Kuala Tanjung International Hub Seaport in north Sumatra is a deep-sea port strategically located in the Straits of Malacca, the second busiest shipping lane in the world. This port has been in the news recently for all the wrong reasons, unnerving investors. Earlier this year, the port was downgraded from an international hub to a domestic hub, and then re-designated as an international hub. These self-inflicted wounds are the last thing we need to encourage infrastructure investors, because Kuala Tanjung port is a key component of President Joko Widodo’s international maritime axis program. Despite the confusion, port operator Pelindo 1 has hit the ground running, signing in late November last year a JV agreement with the Rotterdam Port Authority to develop Kuala Tanjung as an international hub.
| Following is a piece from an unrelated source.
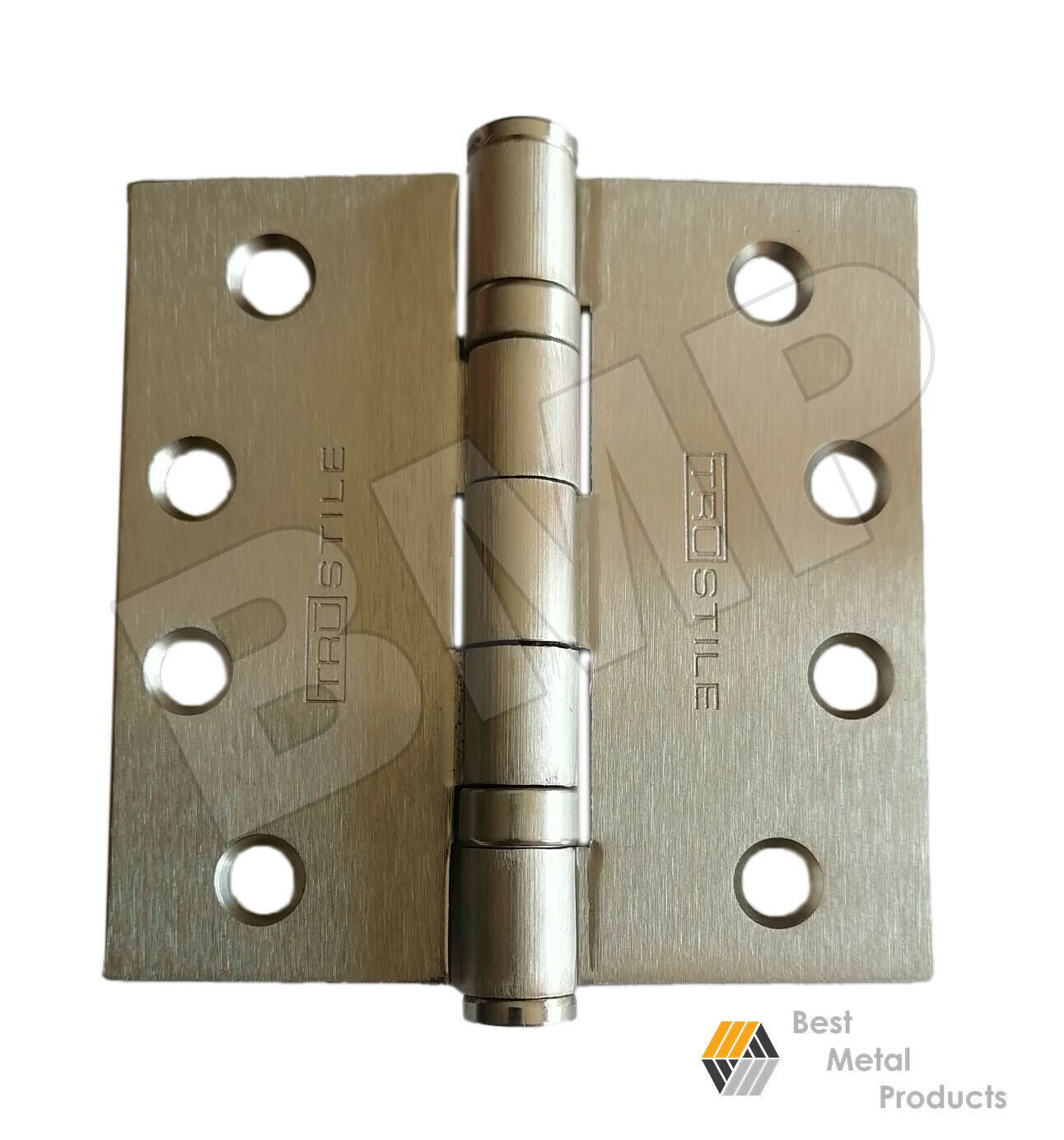 (9) Commercial Grade Ball Bearing Door Hinge 4x4&quot; Full TruStile 1500303 - $55.95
In 2016, the government’s priority projects delivery coordination agency, the KPPIP, commissioned an independent study to explore the efficacy of the port’s hinterlands for future development as special economic zones. It explored the possibility of developing the whole corridor as a potential economic powerhouse in the Batubara Regency of North Sumatra, leveraging the existing Belawan Port in Medan and incorporating the Sei Mangkei Special Economic Zone.
These studies have identified the potential for the development of over 3,000 hectares of the port’s hinterland for industrial zones, expanding eventually to 5,000 hectares. This ambitious plan requires more than ministerial level policy reforms—it requires a nationwide strategic decision akin to the decision made by Indonesia with Singapore and Malaysia for the “Growth Triangle” strategy in the 1990s. This single policy decision resulted in over $9 billion investments into Batam.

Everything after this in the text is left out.